The last ruler of Baroda; Maharaja Sayajirao Gaekwad played a great role in reforming and modernizing the city. He established libraries, universities, the textile and tile industry, a central park like park called Sayaji Baug or Kamati Baug that houses a zoo and museums. His plan was to build a city that was self-sufficient, an educational, industrial and commercial hub. I asked my friend tangy lemon as to what she felt about the growth rate of the city today as compared to other cities and she felt that the city unlike other cities in India was growing at a moderate scale. The city has not been spared by problems being faced by other cities at present in India but the city has been able to maintain it’s character; art and cultural centers are prominently interspersed within the city. The city is also at times referred to as the Sanskari Nagri (Cultural City) or the Garden City.

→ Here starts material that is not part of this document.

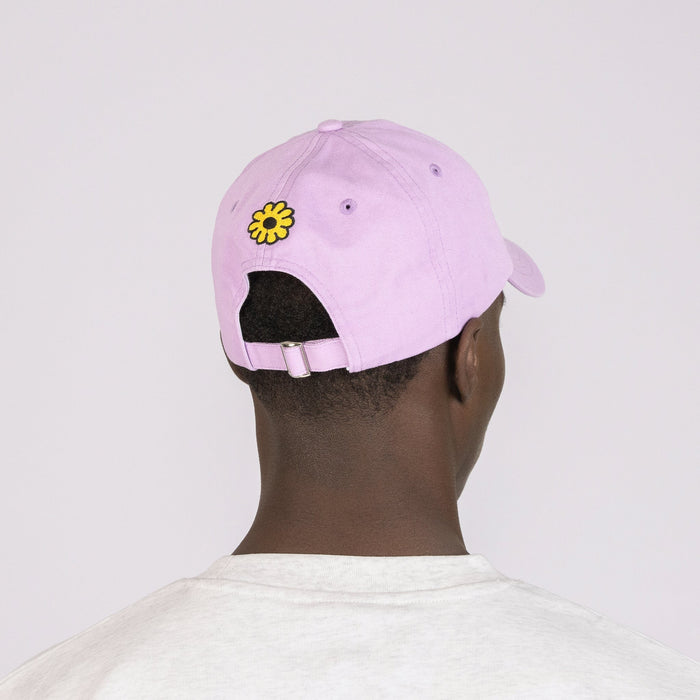 Moomintroll Flower Dad Cap Adult - Lavender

In the evening we walked down Nava Bazaar located very close to the center of the city. The bazaar has a very festive atmosphere through out the year and it is the place where locals and tourists shop for chaniya cholis(traditional costume worn by women), kurtis, home accessories such as bed sheets, curtains
and jewelry. The bazaar lead us to the center of the city known as Mandvi or the walled city. It is a walled city that is circular with four entrances in the north, east, south and west directions. In the center is a watch tower; a place to make important announcements and was used as a tax collection center. Most of the structures are wooden and were developed in a phased manner by the Gaekwad’s. The structures today are in need of restoration and repairs.
After walking around in the heat we headed to Sarvodaya for some fresh homemade ice cream. I tried the sitafal (custard apple) ice cream and on tangy lemon’s insistence I also tried the mosambi badam (sweet lime and almond), at first I felt that it was a weird combination but it was actually quite refreshing.

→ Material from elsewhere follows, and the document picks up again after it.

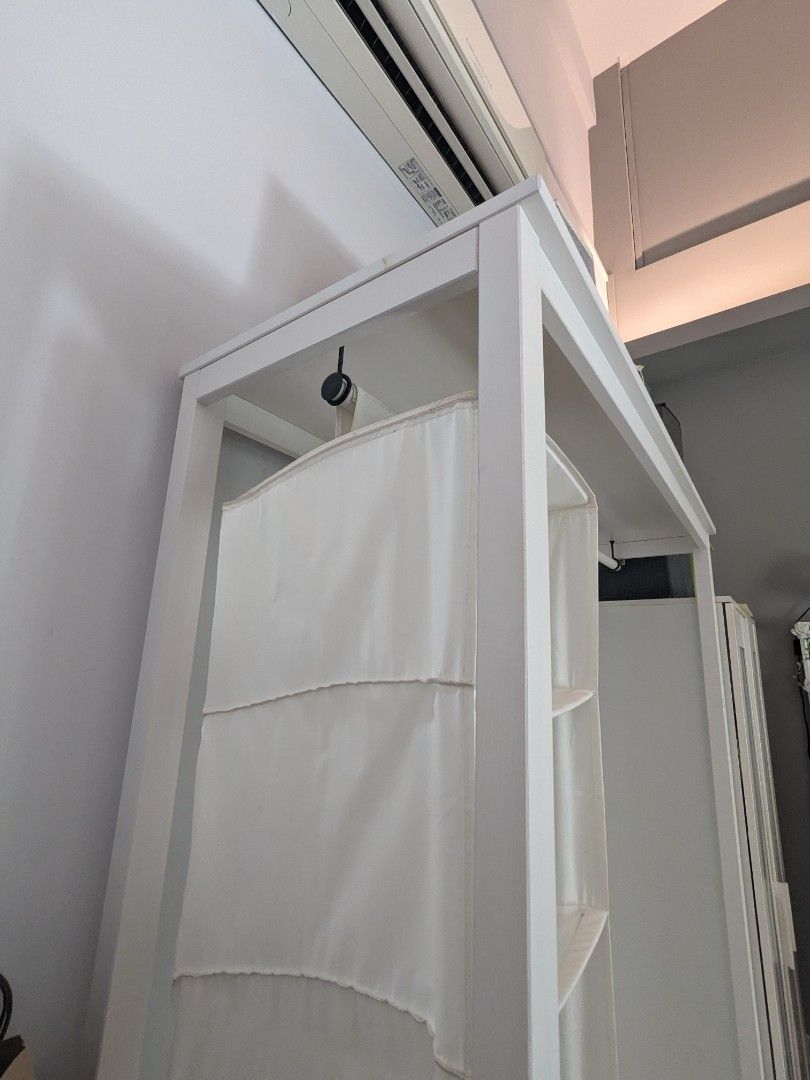 IKEA Open Wardrobe / Closet (Hemnes), Furniture & Home Living ...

In western India and particularly in Gujarat; Navratri is celebrated with Garba, a folk dance. Garba means womb and it originates from the sanskrit word for gestation or pregnancy. Traditionally the dance is performed around a decorated clay pot or lantern that represents life, thus honouring Durga the feminine form of divinity. Men and women dressed in colourful embroidered costumes dance around the Garba in concentric rings. Garba was traditionally performed by women. Today in some places Garba is also performed with Dandiya Raas (garba played with sticks). In Vadodara however the traditional dance form is preferred and Raas is rarely seen. Where as in Ahemdabad Raas is popular. Garba is also popular amongst the youth in the US and UK.
Tangy Lemon’s alma mater organizes Garba for students, alumni and their families. Here Garba is performed on traditional folk songs sung by students, faculty and folk singers from nearby villages are invited to be a part of the celebrations. The songs are performed without the use of a microphone to avoid noise pollution. The dance begins slowly and builds up towards the end – students that cannot keep up with the beat begin to recede towards the outer ring.

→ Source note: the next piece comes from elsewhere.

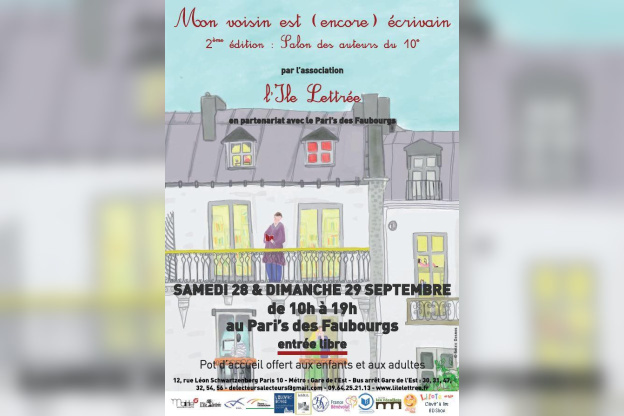 Le Salon des Écrivains du 10ème arrondissement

Then we made our way to one of the two largest grounds where Garba is held and it is believed that there are about forty-five thousand people in attendance. One has to acquire passes to be able to dance or view the dance at this ground organized by United Way of Baroda. Here dancers are surrounded by a deep ring of viewers and then the viewers are surrounded by a ring of food stalls. Before we watched these passionate dancers we made our way to the food stalls and tried dabeli (a potato patty deep-fried and usually contains peanuts) which was served in a bun covered with sev (crisps) and was covered in a sweet and tangy sauce. I had to have dhokla (a snack made with fermented batter of chickpeas) with some garlic chutney and it was finger-licking good.
The next day we began our day with a breakfast consisting of fafda (deep-fried chickpea flour flatbread) with green chilies and jalebis (deep fried sugary batter). It was a meal fit for a Maharaja. After breakfast we visited the Aurobindo Center. Sri Aurobindo had a strong presence in Baroda and was a scholar, a poet and a philosopher among other things.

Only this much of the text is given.